Comment by mike_hearn

2 months ago

I worked there too and you're talking about performance in terms of optimal usage of CPU on a per-project basis.

Google DID put a ton of effort into two other aspects of performance: latency, and overall machine utilization. Both of these were top-down directives that absorbed a lot of time and attention from thousands of engineers. The salary costs were huge. But, if you're machine constrained you really don't want a lot of cores idling for no reason even if they're individually cheap (because the opportunity cost of waiting on new DC builds is high). And if your usage is very sensitive to latency then it makes sense to shave milliseconds off because of business metrics, not hardware $ savings.

1 comment

mike_hearn

cletus 2 months ago

The key part here is "machine utilization" and absolutely there was a ton of effort put into this. I think before my time servers were allocated to projects but even early on in my time at Google Borg had already adopted shared machine usage and therew was a whole system of resource quota implemented via cgroups.

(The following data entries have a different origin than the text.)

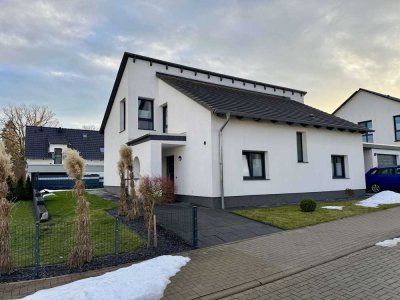 -reserviert- Exklusives Einfamilienhaus in bester Lage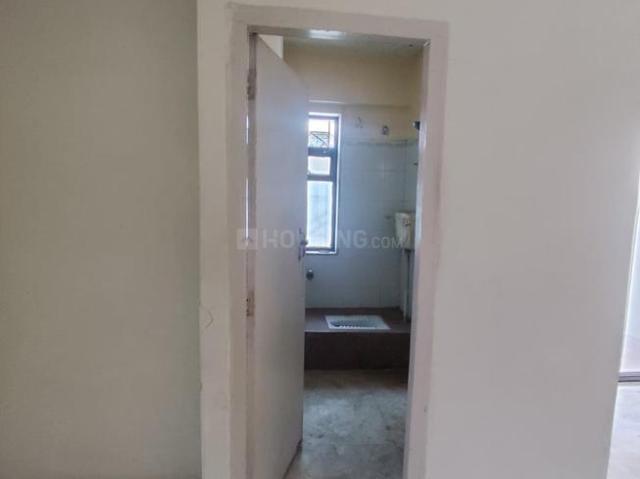 2 BHK Apartment in Ultadanga for rent Kolkata. The reference number is 20649169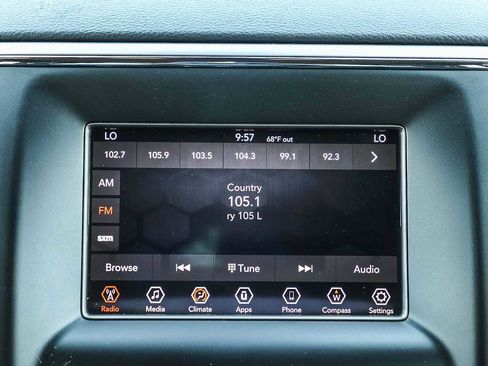 Used 2019 Jeep Grand Cherokee Laredo RWD image 19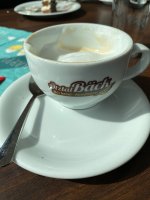 Ein Cappuccino wie er ist. Nicht „verlängert“ und leider nicht mehr italienisch auch der Preis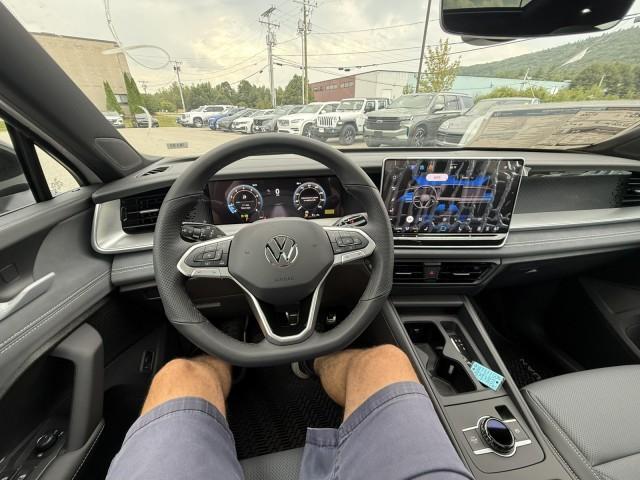Photo of 2025 Opal White Pearl Effect Volkswagen Tiguan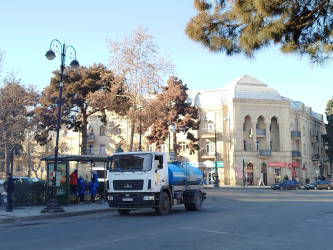 Gəncənin ərazisində təmizlik işləri mütəmadi olaraq davam edir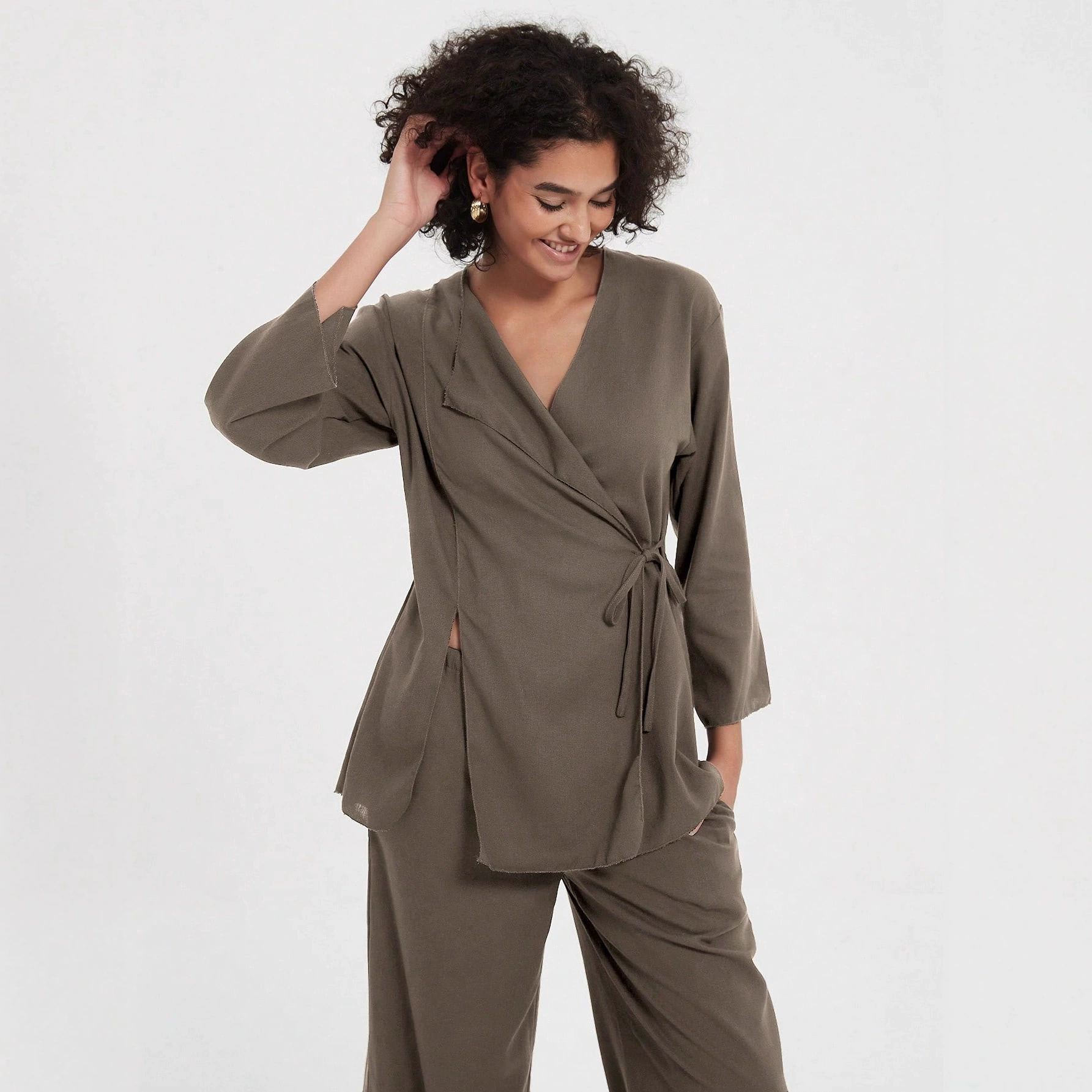 Трансграничная женская одежда оптом в европейском и американском стиле с v-образным вырезом на шнуровке в стиле кимоно, свободные топы с длинными рукавами, широкие брюки с высокой талией, костюм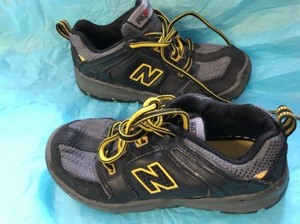 boys grey new balance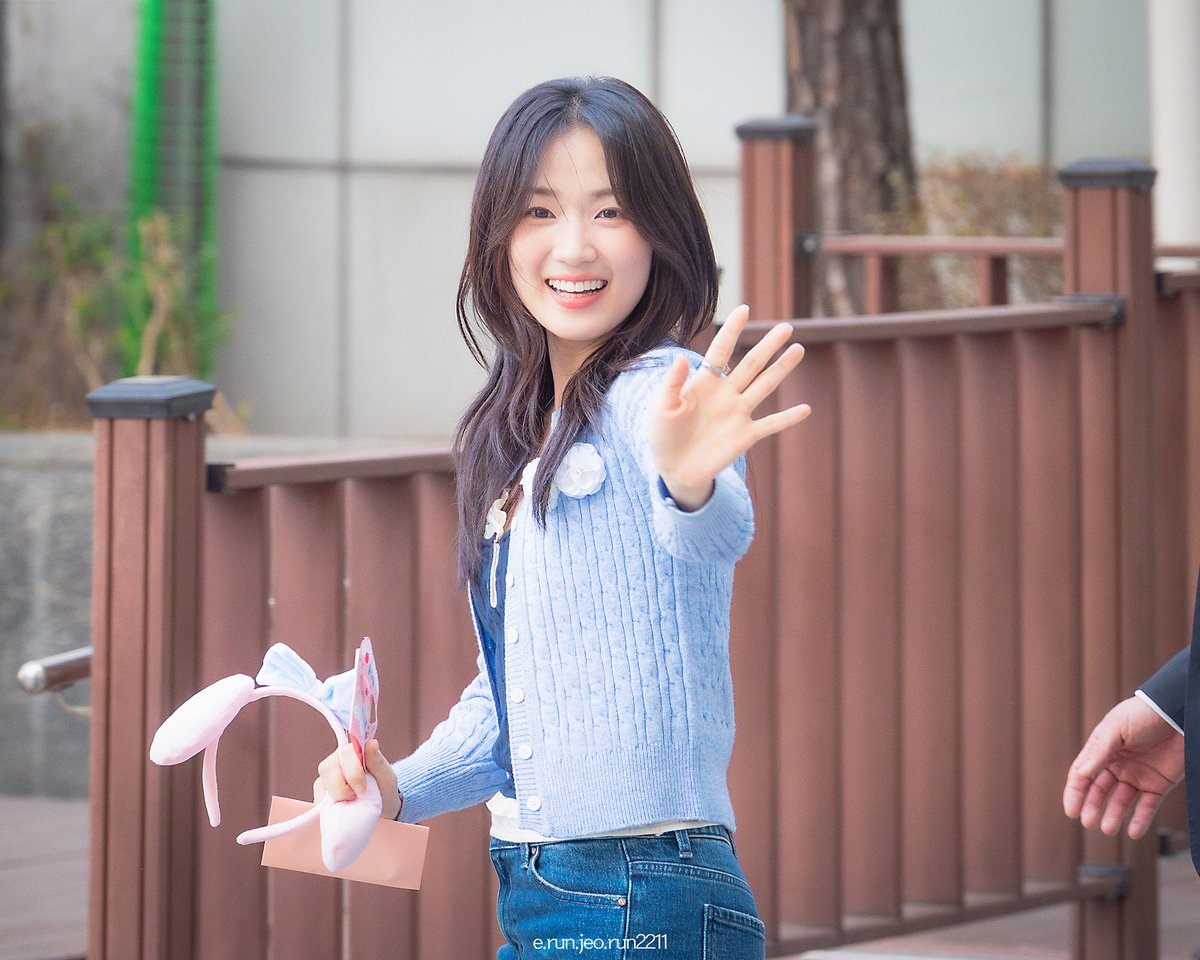 26.04.11
살목지 무대인사
in 롯데시네마 영등포

김혜윤 

#살목지 #김혜윤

Likewise there have been many optimization projects and they used to call these out at TGIF. No idea if they still do. One I remember was reducing the health checks via UDP for Stubby and given that every single Google product extensively uses Stubby then even a small (5%? I forget) reduction in UDP traffic amounted to 50,000+ cores, which is (and was) absolutely worth doing.

I wouldn't even put latency in the same category as "performance optimization" because often you decrease latency by increasing resource usage. For example, you may send duplicate RPCs and wait for the fastest to reply. That could be double or tripling effort.